BN Biscuits (or Biscuiterie Nantaise) is a biscuit brand originally hailing from France, consisting of 2 golden-baked biscuits sandwiched together with a filling, originally chocolate-flavoured. It was launched in 1932, acquired by United Biscuits in 1998, and relaunched in September 2000.

Biscuiterie Nantaise company was acquired by General Mills in 1973, which later sold its European assets to PepsiCo in 1992. PepsiCo later sold BN to United Biscuits in exchange for several United Biscuits snack assets (including The Smith's Snackfood Company but excluding KP Snacks).

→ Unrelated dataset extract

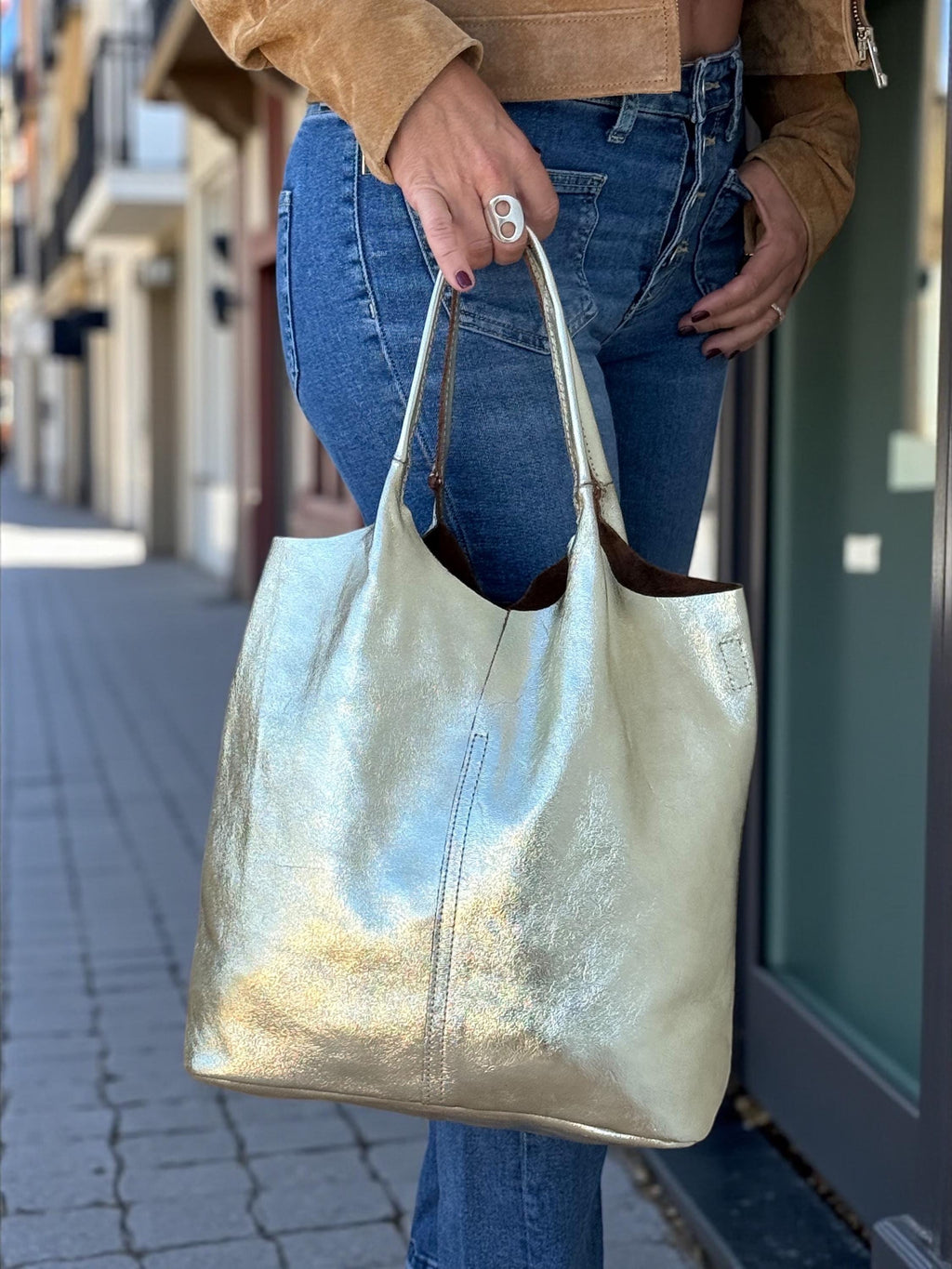 Bolso tote de piel auténtica suave color marrón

The BN range now consists of multiple different biscuit formats, but the classic sandwich biscuit range consists of two different shapes: circles and rounded squares. One side of the biscuit is decorated with one of four different faces. There are seven different flavours of the BN biscuit: chocolate, strawberry, vanilla, hazelnut, raspberry, apricot and milk chocolate. They also come in a "Mini BN" variety.

A relaunch in September 1999 in the United Kingdom involved an advertising campaign with the name "BN BN" sung along to the tune of an arranged version "Mah Nà Mah Nà". Despite public petitions, BN Biscuits were not sold in the UK for a 10-year gap (2003 to 2013); however, they were still sold in many French, South African, Nigerian and Afghan stores.

In 2013, BN returned to UK supermarkets with new packaging and logos, branded as "McVitie's BN". A new advert for the biscuit, part of McVitie's then-current "Sweeet" campaign, once again featured an arranged version of "Mah Nà Mah Nà" in reference to the previous campaign, albeit with the correct lyrics rather than "BN BN".

In January 2022 BN were made available throughout the UK, re-launched under the McVitie's brand again with the slogan 'Taste the Smile'. McVitie's returning range includes BN Chocolate, BN Vanilla, Mini BN Chocolate and Mini BN Strawberry.